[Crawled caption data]

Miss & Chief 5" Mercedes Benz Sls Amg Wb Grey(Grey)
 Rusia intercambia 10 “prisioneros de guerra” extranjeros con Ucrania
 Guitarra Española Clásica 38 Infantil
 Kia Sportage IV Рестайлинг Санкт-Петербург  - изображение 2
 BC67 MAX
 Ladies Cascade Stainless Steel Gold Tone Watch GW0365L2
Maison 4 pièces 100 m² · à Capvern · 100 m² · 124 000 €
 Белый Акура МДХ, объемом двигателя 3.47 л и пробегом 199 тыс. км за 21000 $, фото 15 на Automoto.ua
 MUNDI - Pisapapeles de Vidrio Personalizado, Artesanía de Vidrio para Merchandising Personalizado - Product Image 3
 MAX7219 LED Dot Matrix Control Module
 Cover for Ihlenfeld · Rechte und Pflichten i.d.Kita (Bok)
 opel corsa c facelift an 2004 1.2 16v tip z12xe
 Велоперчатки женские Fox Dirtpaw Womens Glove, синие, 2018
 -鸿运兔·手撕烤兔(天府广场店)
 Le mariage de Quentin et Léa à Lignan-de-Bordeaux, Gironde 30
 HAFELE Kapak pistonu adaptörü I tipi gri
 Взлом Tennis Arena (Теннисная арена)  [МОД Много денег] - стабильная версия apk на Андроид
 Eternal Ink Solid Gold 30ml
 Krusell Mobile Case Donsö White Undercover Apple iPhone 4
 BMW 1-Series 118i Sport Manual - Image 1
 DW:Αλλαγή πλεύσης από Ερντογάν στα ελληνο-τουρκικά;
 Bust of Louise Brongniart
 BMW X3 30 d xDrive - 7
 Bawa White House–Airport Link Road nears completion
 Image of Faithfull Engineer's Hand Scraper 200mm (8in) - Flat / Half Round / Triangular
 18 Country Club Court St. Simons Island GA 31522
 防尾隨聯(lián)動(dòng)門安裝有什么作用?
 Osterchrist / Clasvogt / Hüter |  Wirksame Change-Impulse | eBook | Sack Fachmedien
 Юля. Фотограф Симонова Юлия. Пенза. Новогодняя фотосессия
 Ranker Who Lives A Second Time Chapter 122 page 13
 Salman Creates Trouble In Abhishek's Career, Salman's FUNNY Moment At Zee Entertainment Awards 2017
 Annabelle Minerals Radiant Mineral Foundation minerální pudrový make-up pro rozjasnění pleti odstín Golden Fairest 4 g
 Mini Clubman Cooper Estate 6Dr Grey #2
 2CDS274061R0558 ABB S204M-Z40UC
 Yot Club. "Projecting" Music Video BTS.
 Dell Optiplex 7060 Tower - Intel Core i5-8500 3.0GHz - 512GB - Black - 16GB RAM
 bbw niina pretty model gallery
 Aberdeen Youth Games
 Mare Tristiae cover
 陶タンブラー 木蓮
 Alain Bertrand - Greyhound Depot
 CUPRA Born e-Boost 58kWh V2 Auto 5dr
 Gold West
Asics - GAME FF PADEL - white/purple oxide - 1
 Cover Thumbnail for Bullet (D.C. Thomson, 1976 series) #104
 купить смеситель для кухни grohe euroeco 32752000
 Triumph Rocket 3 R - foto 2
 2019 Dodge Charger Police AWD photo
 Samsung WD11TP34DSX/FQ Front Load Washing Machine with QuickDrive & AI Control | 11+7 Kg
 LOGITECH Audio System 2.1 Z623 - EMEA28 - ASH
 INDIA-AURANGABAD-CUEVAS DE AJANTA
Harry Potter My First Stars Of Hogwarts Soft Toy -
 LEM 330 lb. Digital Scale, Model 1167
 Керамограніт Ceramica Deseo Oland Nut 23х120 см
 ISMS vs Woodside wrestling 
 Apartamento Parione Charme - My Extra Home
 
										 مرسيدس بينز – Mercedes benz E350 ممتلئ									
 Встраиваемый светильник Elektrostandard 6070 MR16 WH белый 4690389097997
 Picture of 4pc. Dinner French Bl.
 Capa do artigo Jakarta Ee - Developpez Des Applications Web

[WHAT YOU SHOULD DO]:
Out of the records, collect only those lines that contain the string "Control".

[PROBLEM SOLUTION]:
 MAX7219 LED Dot Matrix Control Module
 Samsung WD11TP34DSX/FQ Front Load Washing Machine with QuickDrive & AI Control | 11+7 Kg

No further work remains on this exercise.